[[ Task data, beginning ]]
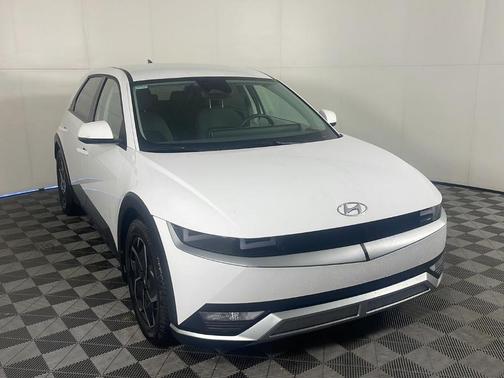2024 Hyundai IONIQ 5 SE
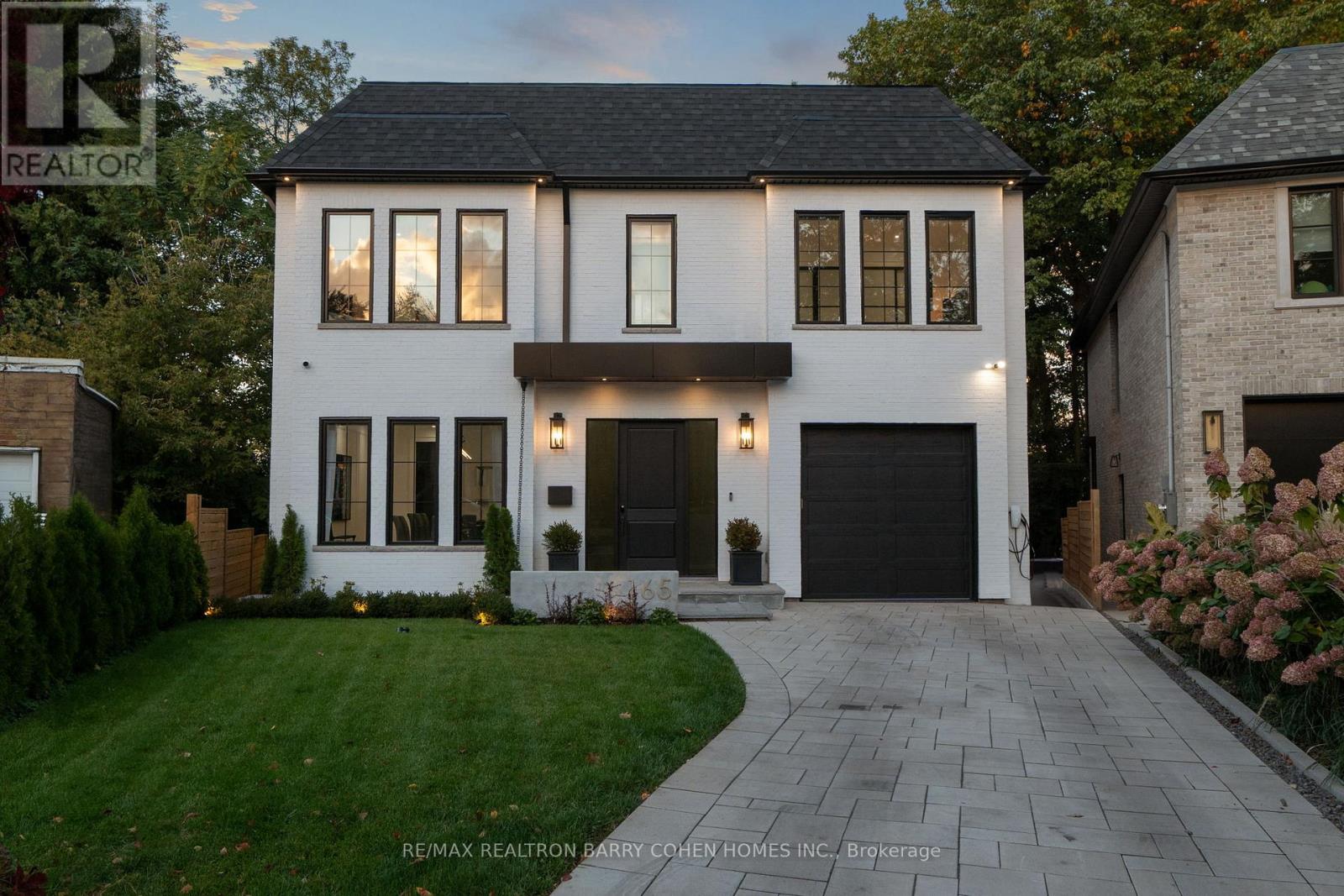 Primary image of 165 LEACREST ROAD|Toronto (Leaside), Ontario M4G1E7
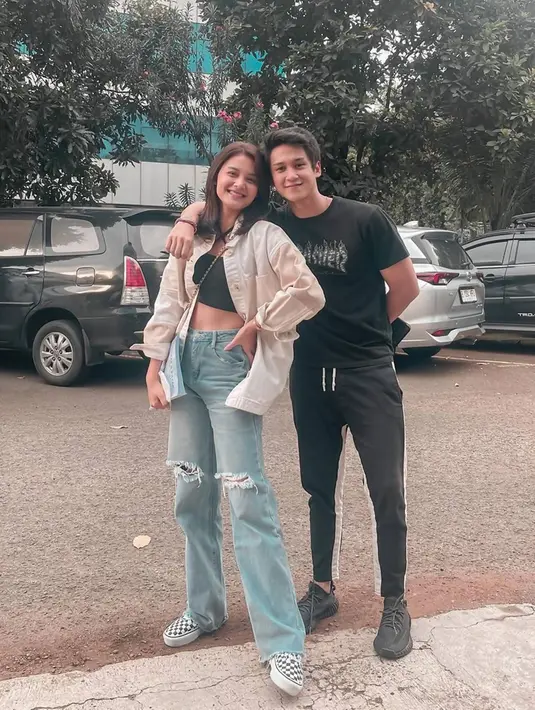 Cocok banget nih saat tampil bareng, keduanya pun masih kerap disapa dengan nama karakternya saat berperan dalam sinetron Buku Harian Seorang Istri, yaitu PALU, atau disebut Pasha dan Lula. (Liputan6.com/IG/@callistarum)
[[ Task data, end ]]
[[ Task data, beginning ]]
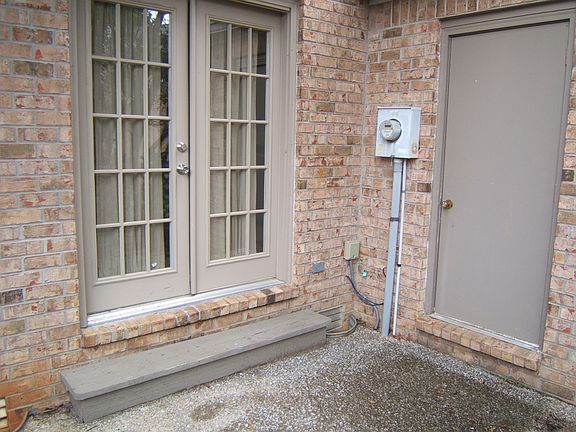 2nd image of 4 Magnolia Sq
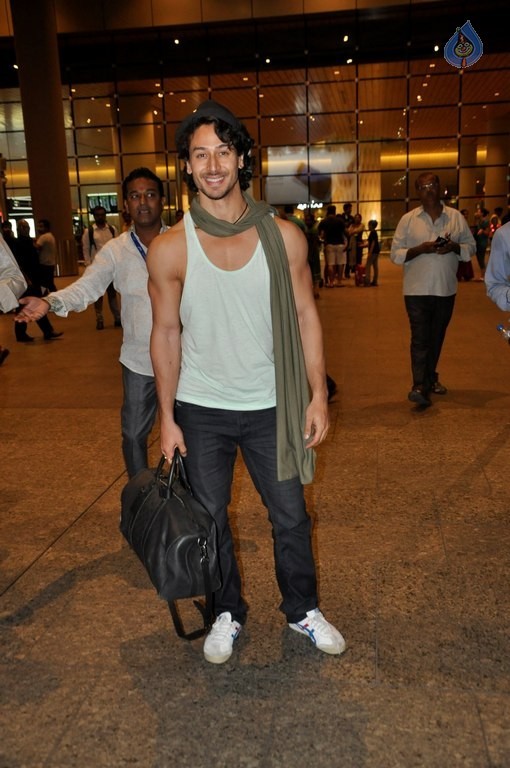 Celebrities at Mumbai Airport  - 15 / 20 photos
[[ Task data, end ]]
» **Work request**
Would you please repeat only the lines above, beginning at the one that has "Primary image of" and stopping after the one that has "Cocok banget nih", exactly and with no pictures?

» **Written answer**
 Primary image of 165 LEACREST ROAD|Toronto (Leaside), Ontario M4G1E7
 Cocok banget nih saat tampil bareng, keduanya pun masih kerap disapa dengan nama karakternya saat berperan dalam sinetron Buku Harian Seorang Istri, yaitu PALU, atau disebut Pasha dan Lula. (Liputan6.com/IG/@callistarum)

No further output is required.